Harte Kante

Fokus/Werkzeuge

Werkzeuge zum Schneiden und Stanzen müssen hart im Nehmen sein. Vor allem an den Kanten von Stempeln und Matrizen treten aufgrund des intensiven Abriebs starke Belastungen auf. Hinzu kommen vielfach Tangentialkräfte. Besonders deutlich lässt sich das bei der Herstellung von Schrauben und Nieten beobachten.

28. Mai 2018
Abgratmatrize. Bild: Durit
Bild 1: Harte Kante (Abgratmatrize. Bild: Durit)

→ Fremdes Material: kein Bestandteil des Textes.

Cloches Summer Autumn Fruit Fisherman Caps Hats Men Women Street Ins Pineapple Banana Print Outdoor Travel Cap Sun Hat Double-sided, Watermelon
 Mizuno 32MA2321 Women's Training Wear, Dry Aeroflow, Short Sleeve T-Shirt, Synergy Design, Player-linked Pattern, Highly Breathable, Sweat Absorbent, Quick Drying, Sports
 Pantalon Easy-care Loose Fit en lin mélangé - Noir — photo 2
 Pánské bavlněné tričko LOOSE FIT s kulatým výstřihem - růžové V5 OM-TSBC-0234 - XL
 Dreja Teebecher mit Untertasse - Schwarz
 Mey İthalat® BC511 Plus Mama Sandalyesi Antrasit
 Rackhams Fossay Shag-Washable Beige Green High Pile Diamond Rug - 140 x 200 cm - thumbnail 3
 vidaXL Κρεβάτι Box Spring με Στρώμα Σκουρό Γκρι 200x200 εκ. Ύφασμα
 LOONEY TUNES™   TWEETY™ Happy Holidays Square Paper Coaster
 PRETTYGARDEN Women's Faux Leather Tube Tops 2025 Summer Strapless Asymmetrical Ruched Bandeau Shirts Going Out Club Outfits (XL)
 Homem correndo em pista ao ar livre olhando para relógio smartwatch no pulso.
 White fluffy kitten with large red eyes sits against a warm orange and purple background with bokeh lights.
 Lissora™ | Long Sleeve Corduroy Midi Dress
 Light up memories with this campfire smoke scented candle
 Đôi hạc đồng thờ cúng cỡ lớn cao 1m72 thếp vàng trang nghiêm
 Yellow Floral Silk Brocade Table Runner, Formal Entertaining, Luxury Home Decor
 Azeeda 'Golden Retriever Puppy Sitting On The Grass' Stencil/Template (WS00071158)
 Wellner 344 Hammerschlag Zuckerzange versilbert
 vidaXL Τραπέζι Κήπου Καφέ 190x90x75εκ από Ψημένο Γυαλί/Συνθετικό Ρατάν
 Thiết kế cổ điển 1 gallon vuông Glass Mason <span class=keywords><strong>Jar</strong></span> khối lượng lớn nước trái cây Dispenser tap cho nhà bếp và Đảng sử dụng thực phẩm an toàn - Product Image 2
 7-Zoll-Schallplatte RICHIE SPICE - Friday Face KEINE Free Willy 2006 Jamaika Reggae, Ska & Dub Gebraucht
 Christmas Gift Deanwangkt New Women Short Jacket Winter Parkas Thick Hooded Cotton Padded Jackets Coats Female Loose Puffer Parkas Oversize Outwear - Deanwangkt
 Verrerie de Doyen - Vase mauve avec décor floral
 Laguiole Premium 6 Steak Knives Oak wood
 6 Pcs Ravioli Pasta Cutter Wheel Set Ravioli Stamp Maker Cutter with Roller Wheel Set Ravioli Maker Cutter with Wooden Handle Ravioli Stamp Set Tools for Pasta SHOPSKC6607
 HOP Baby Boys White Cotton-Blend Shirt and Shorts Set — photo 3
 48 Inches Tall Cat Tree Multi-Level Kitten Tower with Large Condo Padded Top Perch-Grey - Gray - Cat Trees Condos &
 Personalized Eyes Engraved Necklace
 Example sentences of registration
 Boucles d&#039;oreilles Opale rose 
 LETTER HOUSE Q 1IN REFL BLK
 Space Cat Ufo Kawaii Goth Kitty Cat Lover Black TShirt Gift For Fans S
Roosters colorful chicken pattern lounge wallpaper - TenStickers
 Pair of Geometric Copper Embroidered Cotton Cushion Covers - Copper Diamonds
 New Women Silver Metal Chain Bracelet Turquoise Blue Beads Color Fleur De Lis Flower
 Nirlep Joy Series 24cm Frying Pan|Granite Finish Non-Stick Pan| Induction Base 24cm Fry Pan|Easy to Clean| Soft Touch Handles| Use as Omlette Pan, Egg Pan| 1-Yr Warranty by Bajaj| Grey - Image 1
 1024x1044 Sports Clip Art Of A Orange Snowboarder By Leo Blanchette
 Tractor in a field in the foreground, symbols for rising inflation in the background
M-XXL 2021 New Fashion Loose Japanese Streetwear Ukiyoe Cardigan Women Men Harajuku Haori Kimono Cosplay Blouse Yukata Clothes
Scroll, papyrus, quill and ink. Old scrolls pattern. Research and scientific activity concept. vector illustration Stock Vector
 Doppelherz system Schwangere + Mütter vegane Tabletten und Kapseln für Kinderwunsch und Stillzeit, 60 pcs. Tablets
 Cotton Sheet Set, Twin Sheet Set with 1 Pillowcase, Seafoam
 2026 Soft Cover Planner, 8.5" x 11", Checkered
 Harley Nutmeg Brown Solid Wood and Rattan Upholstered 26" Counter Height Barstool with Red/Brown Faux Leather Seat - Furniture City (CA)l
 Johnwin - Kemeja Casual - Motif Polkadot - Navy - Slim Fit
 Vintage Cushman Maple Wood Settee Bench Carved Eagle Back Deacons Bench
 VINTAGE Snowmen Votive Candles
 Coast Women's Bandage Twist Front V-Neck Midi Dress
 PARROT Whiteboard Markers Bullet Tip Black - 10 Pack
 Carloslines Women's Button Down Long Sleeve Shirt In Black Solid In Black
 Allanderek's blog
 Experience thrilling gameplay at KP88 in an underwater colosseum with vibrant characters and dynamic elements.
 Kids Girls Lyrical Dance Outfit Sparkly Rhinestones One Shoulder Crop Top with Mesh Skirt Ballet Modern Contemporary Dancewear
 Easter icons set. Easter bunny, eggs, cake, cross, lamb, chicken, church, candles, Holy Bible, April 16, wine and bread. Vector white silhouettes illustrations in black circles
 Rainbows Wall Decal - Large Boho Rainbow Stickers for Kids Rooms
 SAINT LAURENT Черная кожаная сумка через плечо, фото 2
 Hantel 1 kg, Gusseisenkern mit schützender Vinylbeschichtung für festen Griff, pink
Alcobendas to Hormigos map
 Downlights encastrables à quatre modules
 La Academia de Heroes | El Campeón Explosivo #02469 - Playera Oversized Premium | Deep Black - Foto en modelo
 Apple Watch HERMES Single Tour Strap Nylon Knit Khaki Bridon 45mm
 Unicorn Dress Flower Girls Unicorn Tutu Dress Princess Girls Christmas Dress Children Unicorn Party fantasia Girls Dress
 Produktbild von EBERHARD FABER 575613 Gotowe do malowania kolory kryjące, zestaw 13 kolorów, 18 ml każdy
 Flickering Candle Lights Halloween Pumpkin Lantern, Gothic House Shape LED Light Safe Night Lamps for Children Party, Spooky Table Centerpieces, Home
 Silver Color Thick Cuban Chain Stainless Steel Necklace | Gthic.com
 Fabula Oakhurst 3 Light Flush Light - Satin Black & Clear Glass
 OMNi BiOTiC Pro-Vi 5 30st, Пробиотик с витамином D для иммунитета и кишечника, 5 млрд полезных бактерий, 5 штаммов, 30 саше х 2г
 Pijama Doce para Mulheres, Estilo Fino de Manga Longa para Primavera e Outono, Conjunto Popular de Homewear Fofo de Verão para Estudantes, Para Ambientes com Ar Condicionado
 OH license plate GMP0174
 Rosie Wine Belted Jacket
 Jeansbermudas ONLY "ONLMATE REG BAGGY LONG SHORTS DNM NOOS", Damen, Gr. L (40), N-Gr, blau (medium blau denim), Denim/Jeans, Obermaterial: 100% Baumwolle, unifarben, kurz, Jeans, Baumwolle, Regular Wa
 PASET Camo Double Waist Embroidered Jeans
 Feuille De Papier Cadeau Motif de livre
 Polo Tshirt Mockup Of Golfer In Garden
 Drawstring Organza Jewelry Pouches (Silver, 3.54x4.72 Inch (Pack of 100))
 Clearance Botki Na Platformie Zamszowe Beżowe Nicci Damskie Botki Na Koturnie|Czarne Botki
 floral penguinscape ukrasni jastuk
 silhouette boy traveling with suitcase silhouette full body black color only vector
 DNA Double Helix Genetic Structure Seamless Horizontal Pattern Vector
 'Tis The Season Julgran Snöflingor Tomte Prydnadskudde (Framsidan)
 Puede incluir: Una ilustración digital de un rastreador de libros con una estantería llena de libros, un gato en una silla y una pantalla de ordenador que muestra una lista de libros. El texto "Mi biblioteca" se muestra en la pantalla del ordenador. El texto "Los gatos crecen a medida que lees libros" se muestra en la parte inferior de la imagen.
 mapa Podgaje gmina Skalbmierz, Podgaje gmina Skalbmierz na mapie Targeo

Um den Kantenverschleiß wirkungsvoll einzudämmen, ist es notwendig, mit massivem Einsatz vorzugehen. Dazu reicht es nicht aus, einen gängigen Verschleißschutz auf das Werkzeug zu applizieren. Vielmehr muss die verwendete Beschichtung gleich drei Voraussetzungen mitbringen: maximale Härte, ausgezeichnete Zähigkeit und überdurchschnittlich hohe Adhäsionskraft zum Substrat.

Starke Werte

Mit der PVD-Beschichtung Ultra Impact hat der Hartmetall-Spezialist Durit die Lösung für dieses Problem gefunden. Dank der besonderen Nanostruktur, so die Wuppertaler, sei es gelungen, alle drei Eigenschaften in der Beschichtung zu vereinen und praktisch zu nutzen. Die Werte sprechen für sich: Die Mikrohärte liegt zwischen 2.500 bis 3.000 HV 0,05; der Reibungskoeffizient beträgt 0,5 (trocken, 100Cr6), die Haftfestigkeit 120 Kilonewton, darüber hinaus kann Ultra Impact mit einer bemerkenswerten Hitzebeständigkeit punkten, die Anwendungstemperaturen von 1.000 bis 1.100 °C zulässt.

Fünffache Haftfestigkeit

Wie effektiv die leistungsfähige Durit-Beschichtung ist, zeigt ein Praxisvergleich. Bei Abgratmatrizen, wo bisher eine TiAlN-Beschichtung verwendet wurde, konnte die Standzeit durch Ultra Impact verdoppelt werden. Dies zeigt sich im direkten Vergleich der technischen Daten: Bei Schichtdicken zwischen 2 und 5 µm ergibt sich laut Durit eine fünffach so hohe Haftfestigkeit von Ultra Impact gegenüber TiAlN. Dies ist ein entscheidender Faktor für diesen Anwendungsfall.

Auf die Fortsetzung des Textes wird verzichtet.